A college president is on her way out after she fired a professor for using art in an art class.

A report from Just the News explains that Fayneese Miller, of Hamline University in Minnesota, is on her way out the door after demanding that a professor put "respect" for a Muslim student over academic freedom.

Miller had refused to renew a contract for an art professor who showed a Muslim-authorized Muhammad depiction in a voluntary lesson.

Miller confirmed her "retirement" is coming in just weeks.

Her school withdrew a contract offer to Erika Lopez Prater, an art history adjunct professor, "after her opt-out lesson on Muslim-authorized depictions of Muhammad drew a complaint from Muslim Students Association President Aram Wedatalla."

Faculty voted no confidence in Miller after she demanded, "Respect for the observant Muslim students in that classroom should have superseded academic freedom."

Prater also filed a lawsuit, and an organization dealing with academic freedom filed a complaint with the school's accreditor. Further, the national Council on American-Islamic Relations sided with Prater.

Miller's retirement is to be effective June 30.

WND previously reported on the dispute that the school backtracked after Miller refused the contract renewal and made her anti-academic freedom comments.

At the time the fight began, the school said Prater's actions were "Islamophobic" in an email sent campus-wide, which Prater said caused her "emotional distress."
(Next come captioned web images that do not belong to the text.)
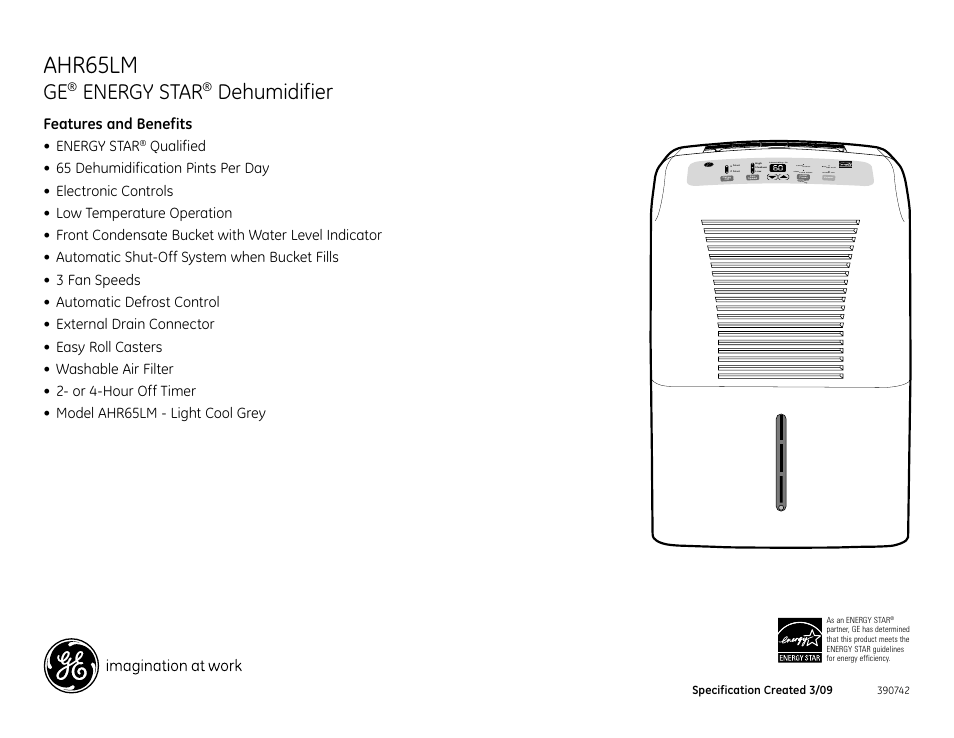 Ahr65lm, Energy star, Dehumidifier | Features and benefits • energy star, Humidity, Continuous bucket full power on, Clean the filter reset after cleaning | GE AHR65LM User Manual | Page 2 / 2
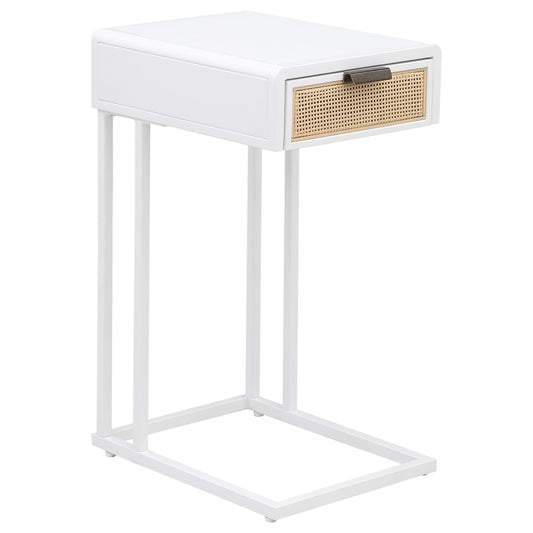 Amherst 1-drawer Radio Weave Cane Metal Side Table White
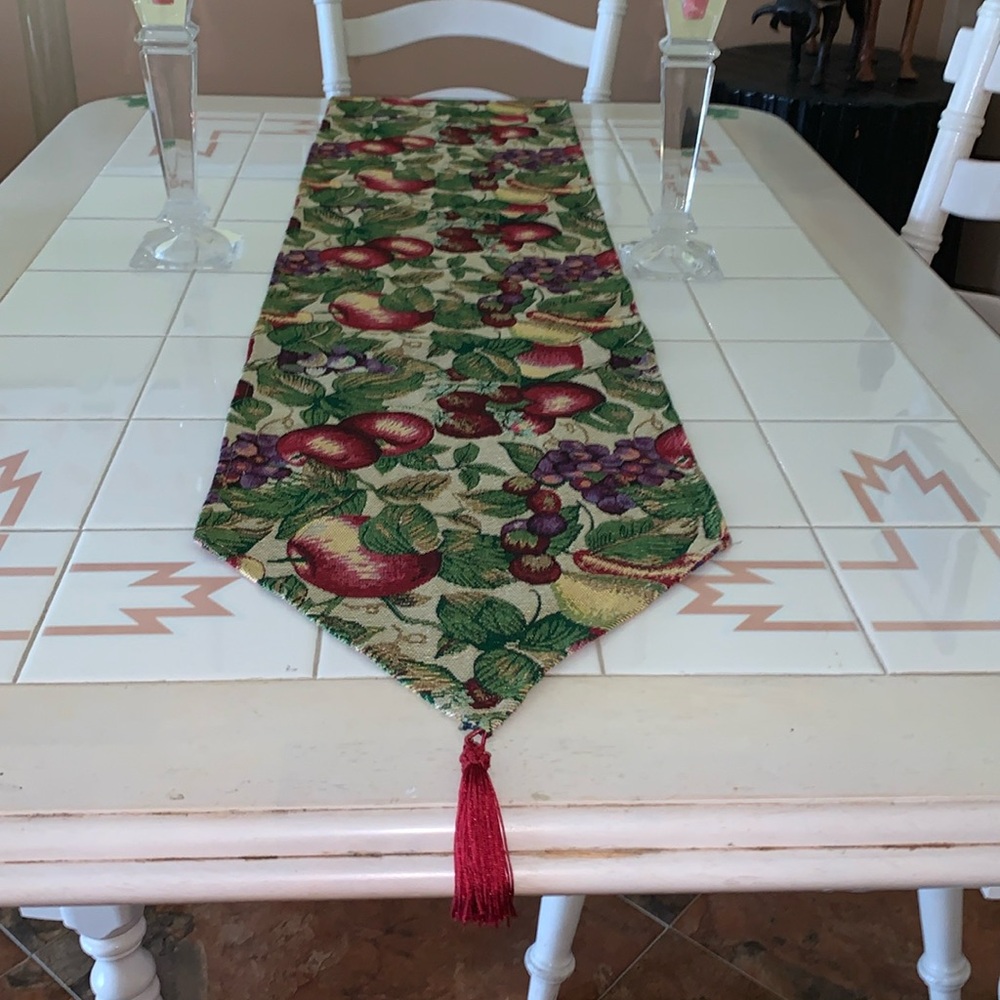 Vintage fruit table runner with tassels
She claimed damages under the Minnesota Human Rights Act, the Minnesota Whistleblower Act, breach of contract, and emotional distress.

But the school abruptly turned itself around, stating, "There have been many communications, articles, and opinion pieces that have caused us to review and re-examine our actions. Hamline is a multi-cultural, multi-religious community that has been a leader in creating space for civil conversations. Like all organizations, sometimes we misstep. In the interest of hearing from and supporting our Muslim students, language was used that does not reflect our sentiments on academic freedom. Based on all that we have learned, we have determined that our usage of the term ‘Islamophobic’ was therefore flawed."